Des larmes étanches
Je me souviens. Il est mort un vendredi en début de matinée, comme mon grand-père. C’est la première remarque que je me suis faite. Mon père m’a appelé au bureau pour me le dire, tout de suite. Après il reste la journée. Le soir je devais partir pour rejoindre Lili. J’y suis allé parce que j’avais envie d’être avec elle et parce que ça n’aurait rien changé de rester.
Ce jour là elle était venue me chercher à la grande gare. Plus tard elle m’a dit qu’elle avait cru que je voulais la quitter.

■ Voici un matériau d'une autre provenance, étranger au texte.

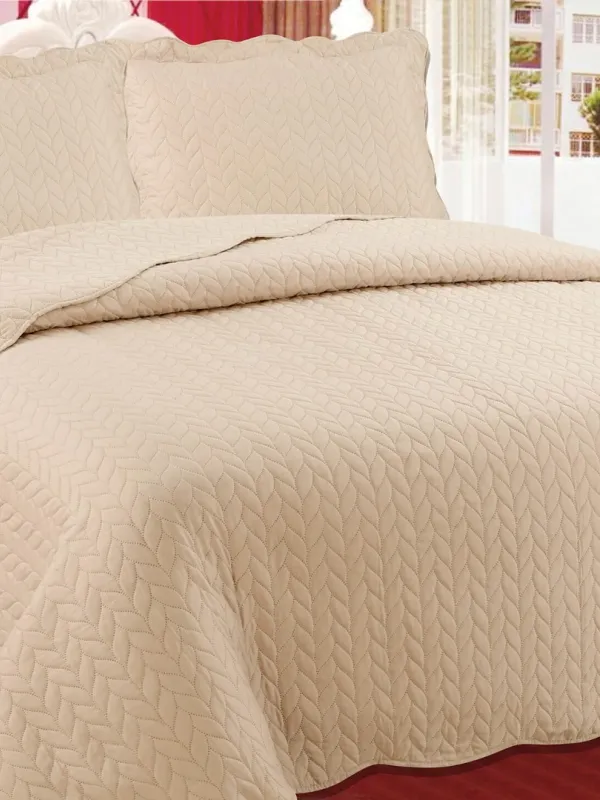 Προϊόν ΚΟΥΒΕΡΛΙ σετ (220cm x 240cm + 2 x 50cm x 70cm) φύλλο light brown Εικόνα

C’était en décembre et il faisait déjà nuit. Je crois qu’elle s’est arrêtée sur le bord de la route et m’a demandé ce qui se passait. Alors je lui ai dit. Je n’avais pas su avant.
Je crois qu’elle aurait voulu me consoler et je mourais d’envie de me jeter dans ses bras.

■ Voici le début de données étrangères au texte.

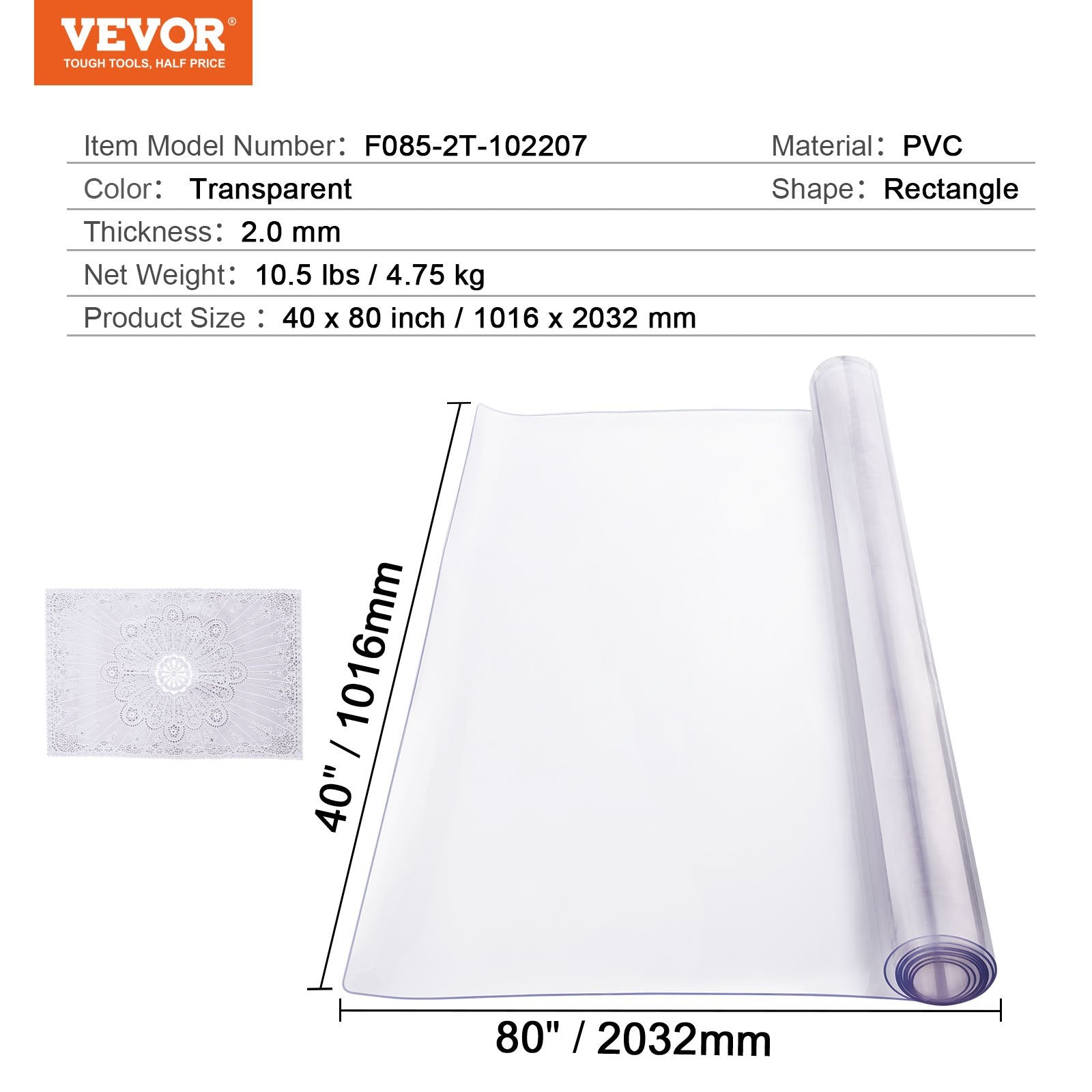 Plastikinė stalo apsauga VEVOR F085-2T-102207, 2.0 mm storio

Je ne l’ai pas fait. Je n’ai pas osé. Je n’ai pas pu. Il y avait quelque chose de plus fort que mon envie de me réfugier contre elle qui m’empêchait d’assouvir cette envie. Je crois que j’avais honte de souffrir, je ne pouvais pas me le permettre. Mais je crois que ce n’était qu’une manifestation parmi d’autre de ce qui est vraiment au fond, tout au fond : la peur de déranger.
Ecrit comme ça c’est presque ridicule. Rationnellement ça me paraît l’être mais émotionnellement ça ne l’est pas du tout, au contraire.
Je me suis rappelé de cet épisode hier ou avant-hier et ce midi en discutant avec Séverine j’ai découvert qu’elle ressentait la même dichotomie entre le rationnel et l’émotionnel.
C’est très troublant de sentir que la résistance est à l’intérieur.
Rationnellement je sais que je n’avais pas de raison d’avoir honte ni d’avoir peur de déranger, je saurais l’expliquer à une personne qui me raconterait cet épisode dont je ne serais alors que le spectateur. Emotionnellement, lorsque je suis impliqué comme acteur, je suis incapable de me raisonner. C’est plus fort que moi. Je n’aime pas cette expression. C’est exactement ça. Parfois je ressens quelques traits de raison mais je reste contraint sans pouvoir appeler à l’aide.
Je crois que ce jour là quelque chose s’est rompu parce que je n’ai pas su attraper sa main.